Problem to solve: From the line that holds "A front image" down to the last line of the listing below, reproduce each line exactly and nothing more, omitting pictures.

Collected data:
::::
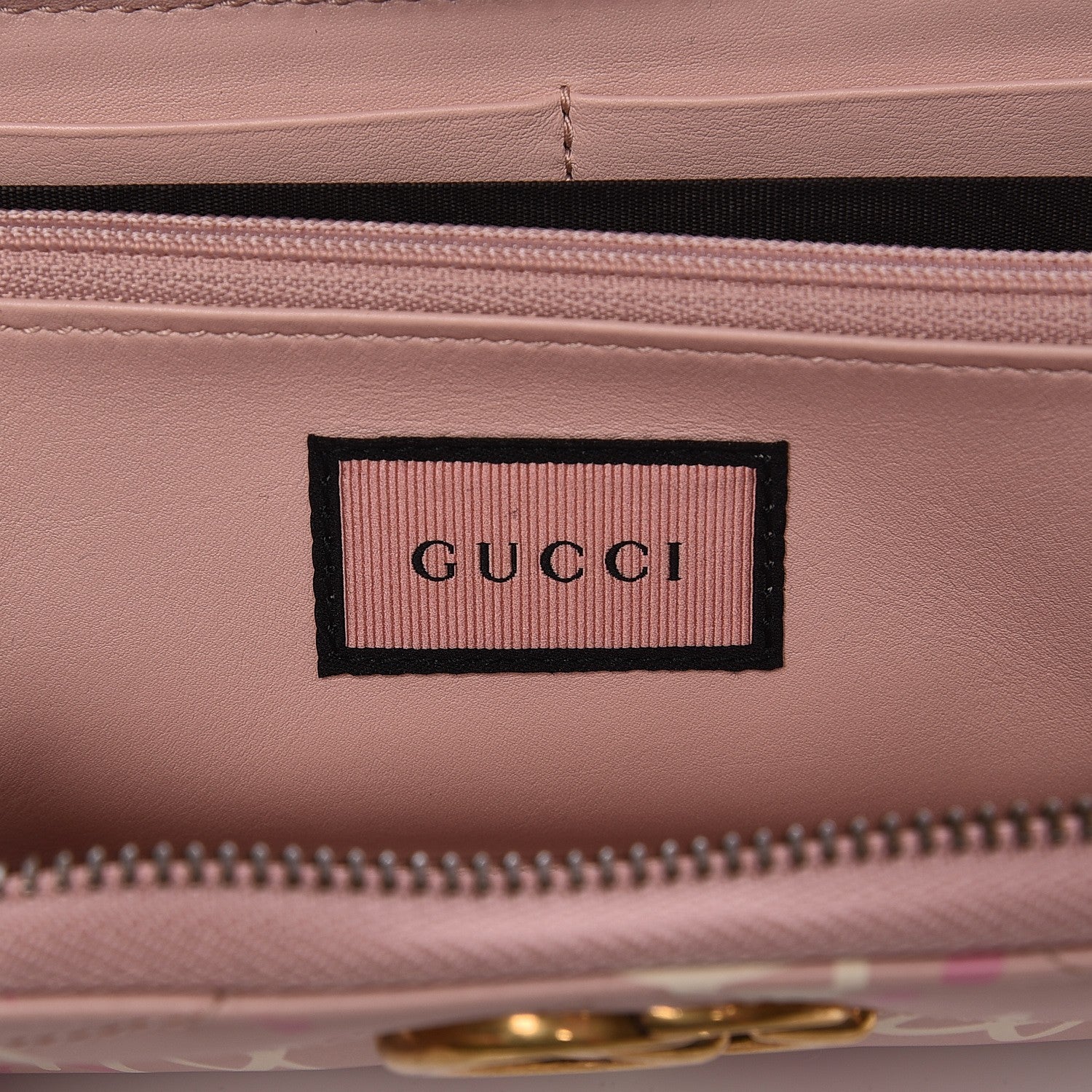 Gucci Calfskin Matelasse GucciGhost GG Marmont Zip Around Wallet Perfect Pink Rosa Ivory 6 of 8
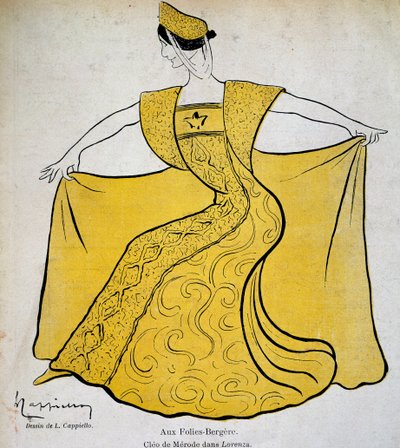 Tanečnice Cleo v baletní pantomimě Lorenza ve Folies Bergere od Leonetto Cappiello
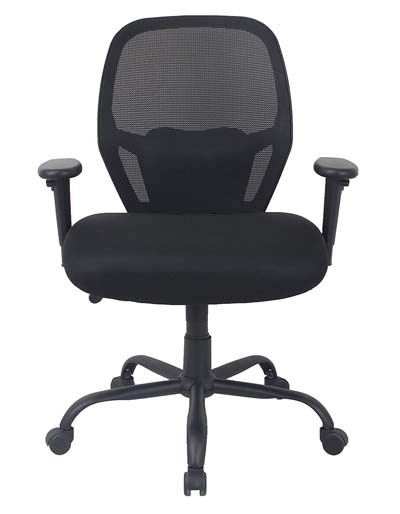 A front image of AmazonBasics Big & Tall Mesh Swivel Chair in black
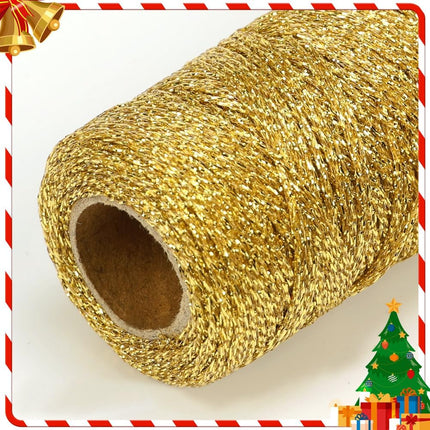 Henneptouw - Golden henneptouw - 100m gold Christmas ribbon - For gift wrapping - Christmas decoration - Party decoration - DIY - Sewing supplies.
::::
Response area:
 A front image of AmazonBasics Big & Tall Mesh Swivel Chair in black
 Henneptouw - Golden henneptouw - 100m gold Christmas ribbon - For gift wrapping - Christmas decoration - Party decoration - DIY - Sewing supplies.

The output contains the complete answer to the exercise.